Bild: Demo gegen den Vietnamkrieg, 1971 in Hamburg.
Mit der Konstruktion von literarischen „Trends“ sollte man äußerst
vorsichtig sein, sprechen wir also lieber nur von einer Auffälligkeit: Es
scheint, als richte sich der Blick verstärkt auf die siebziger Jahre, kurz
bevor diese ganz und gar historisch werden. Sven Reichardts so monumentale
wie leserfreundliche Studie „Authentizität und Gemeinschaft“ über das
linksalternative Milieu der siebziger (und frühen achtziger) Jahre ist zu
Recht ein kleiner Bestseller geworden. Ulrich Raulffs „Wiedersehen mit den
Siebzigern“ führt das Jahrzehnt gleich im Titel und die Rezensenten weisen
unisono darauf hin, wie sehr dieses Jahrzehnt eines des Lesens und der –
zuweilen sehr verstiegenen – intellektuellen Auseinandersetzungen war.
Gabriele Weingartner, die schon vor drei Jahren mit dem wunderbaren Roman
„Villa Klestiel“ das intellektuelle Westberlin der Sechziger und Siebziger
wieder hatte lebendig werden lassen, dringt mit ihrem neuen Buch noch
einmal tief in die damalige Zeit ein, und zwar transatlantisch. Dabei wird
eines vor allem klar: Wie sehr dieses angebliche Jahrzehnt des Aufbruchs
und der Veränderungen noch dem Kalten Krieg verhaftet, wie sehr es noch
Nachkriegszeit war. Zwar hatte Ludwig Erhard schon in den Sechzigern das
Ende der Nachkriegszeit propagiert, aber tatsächlich ging diese erst mit
den Ereignissen von 1989 zu Ende, die dann in neue Kriege führten.
Man muss das vorausschicken, um die eigenartige Atmosphäre wirklich
erfassen zu können, in die die Geschichte von Felice und Ulrich eingebettet
ist. Ulrich, Experte für osteuropäische Diktaturen, ist Assistent am
Otto-Suhr-Institut bei Professor L., in dem sich für Eingeweihte unschwer
Richard Löwenthal erkennen lässt, der nach dem Krieg aus dem Exil
heimgekehrte Politikwissenschaftler, den man später mit den damals üblichen
Holzschnittkriterien zum „rechten Flügel“ der SPD rechnete.

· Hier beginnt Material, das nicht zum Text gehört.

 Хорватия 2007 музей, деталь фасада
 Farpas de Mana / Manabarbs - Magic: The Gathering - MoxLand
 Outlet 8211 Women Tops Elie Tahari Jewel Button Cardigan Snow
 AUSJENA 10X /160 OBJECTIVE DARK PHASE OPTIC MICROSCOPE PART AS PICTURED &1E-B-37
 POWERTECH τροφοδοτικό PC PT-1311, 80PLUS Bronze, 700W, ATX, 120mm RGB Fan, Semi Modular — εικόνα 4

Wir begegnen in diesem Roman auch mancherlei Figuren der damaligen Zeit
unter Klarnamen, etwa dem US-Sicherheitsberater Zbigniew Brzezinski.
Gabriele Weingartner hat zwar keinen Schlüsselroman geschrieben, sieht sich
aber doch genötigt, in einer kurzen Notiz darauf hinzuweisen, dass nicht
jede ihrer Figuren einer tatsächlichen Figur der Zeitgeschichte entspricht.
## Ehe mit Abstand
Ulrich und seine Studentin Felice, Altersdifferenz circa fünfzehn Jahre,
werden ein Paar, und als Ulrich ein zweijähriges Forschungsstipendium für
Harvard bekommt, heiraten die beiden, damit sie mitkommen kann in die USA.

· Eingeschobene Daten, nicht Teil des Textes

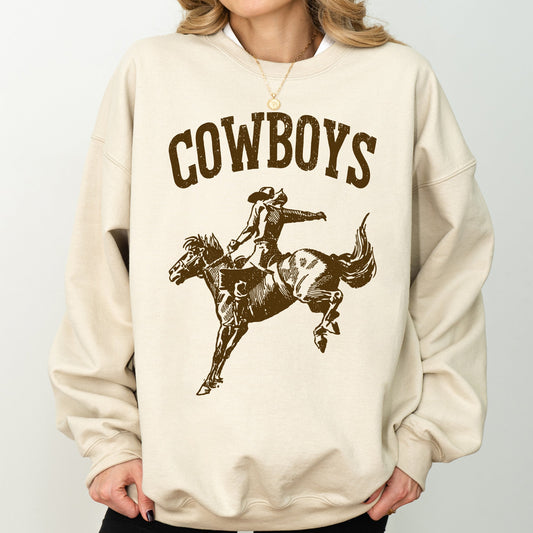 Cowboys, Bronco Rider, Cowboy, Western, Horse, Sweatshirt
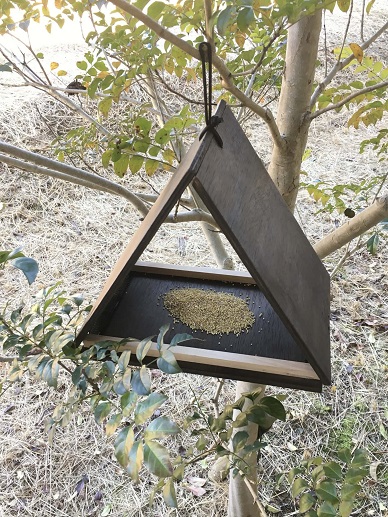 鳥の餌場完成イメージ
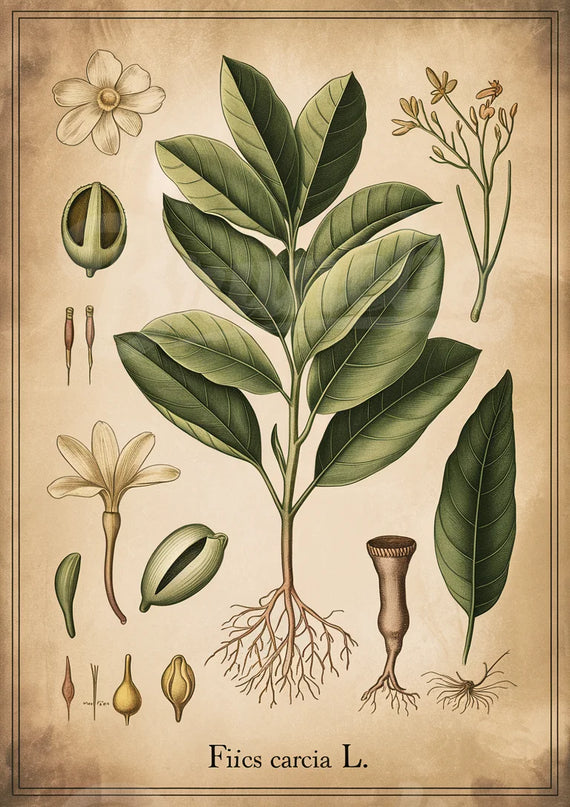 affiche plantes vintage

Felice, die nicht ganz zufällig den Vornamen von Kafkas Dauerverlobter
trägt, auch wenn ihre Liebe Thomas Mann gehört, ist die retrospektive
Erzählerin des Romans. Erst bei einem Besuch in den USA vier Jahrzehnte
danach erfährt sie, was damals wirklich mit ihrem Mann, der schon seit
Langem unter der Erde liegt – und sie hat vergessen, auf welchem Friedhof
er beigesetzt wurde! – geschehen ist.
Denn während die erste Zeit in Harvard problemlos zu verlaufen scheint und
die beiden wie selbstverständlich mit lauter hochkarätigen Personen
verkehren, von Kissinger bis Leonard Bernstein, liegt Ulrich nach ihrer
Rückkehr aus Deutschland, wo sie wegen einer Zahnbehandlung vier Wochen
verbringen musste, im Krankenhaus und hat sich in seinem ganzen Wesen
radikal verändert. Etwas ist vorgefallen, aber er will es nicht sagen, er
hält die Hunde im Souterrain an der Kette.

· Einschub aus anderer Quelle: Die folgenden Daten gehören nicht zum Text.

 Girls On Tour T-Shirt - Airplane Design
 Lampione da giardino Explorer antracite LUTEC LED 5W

Dass diese Metapher aus einem frühen Brief Thomas Manns dem Roman den Titel
gibt, ist durchaus sinnfällig, bezog sie sich doch bei Mann wie bei Ulrich
auf unterdrückte Geschlechtlichkeit. Denn Ulrich, der sich nach Harvard und
nach der Rückkehr nach Westberlin auf blutigste Art und Weise das Leben
nimmt, war nicht nur schwul und wollte sich das „wegtherapieren“ lassen,
sondern hatte auch beim Anschauen von Filmdokumenten aus einem KZ eine
schmerzhafte Erektion bekommen. Es ist letztendlich aber die „Schuld“, die
ihn in den Tod treibt: Als Acht- oder Neunjähriger hatte er zusammen mit
seiner Mutter in den letzten Berliner Kriegstagen im Bombenkeller eine
Person identifiziert, die da nicht hingehörte, einen Juden nämlich, der
dann auch verschwand.
## Harmlose Generation der Studenrevolte
Ähnlich wie bei „Villa Klestiel“ arbeitet Weingartner auch hier souverän
mit den verschiedenen Zeitebenen. Allerdings neigt sie diesmal dazu,
manches zu sehr auszuerzählen. Natürlich bietet sich das Lokalkolorit der
Ostküste dafür auch an, und die Autorin, die selbst unter anderem in
Harvard studiert hat, weiß sehr wohl, wovon sie spricht. Dabei erliegt sie
zuweilen der Versuchung, es mit der poetischen Gerechtigkeit zu übertreiben
und selbst die Geschichten von wirklich nicht sehr belangreichen
Nebenfiguren zu sehr auszubreiten.
Von diesen nicht sehr schwerwiegenden Einwänden abgesehen (selbst diese
Geschichten haben ja erzählerische Kraft und machen Spaß), ist der Roman
ein großartiges Stück Erinnerungsarbeit an eine Zeit, die selbst den
Zeitgenossen nach und nach eher versunken zu sein scheint und die der
literarischen Rettung bedarf. Dass es in den frühen Siebzigern mit der
„befreiten Sexualität“ noch längst nicht so weit her war, wie man später
imaginierte, dürfte inzwischen schon zum Allgemeinwissen gehören.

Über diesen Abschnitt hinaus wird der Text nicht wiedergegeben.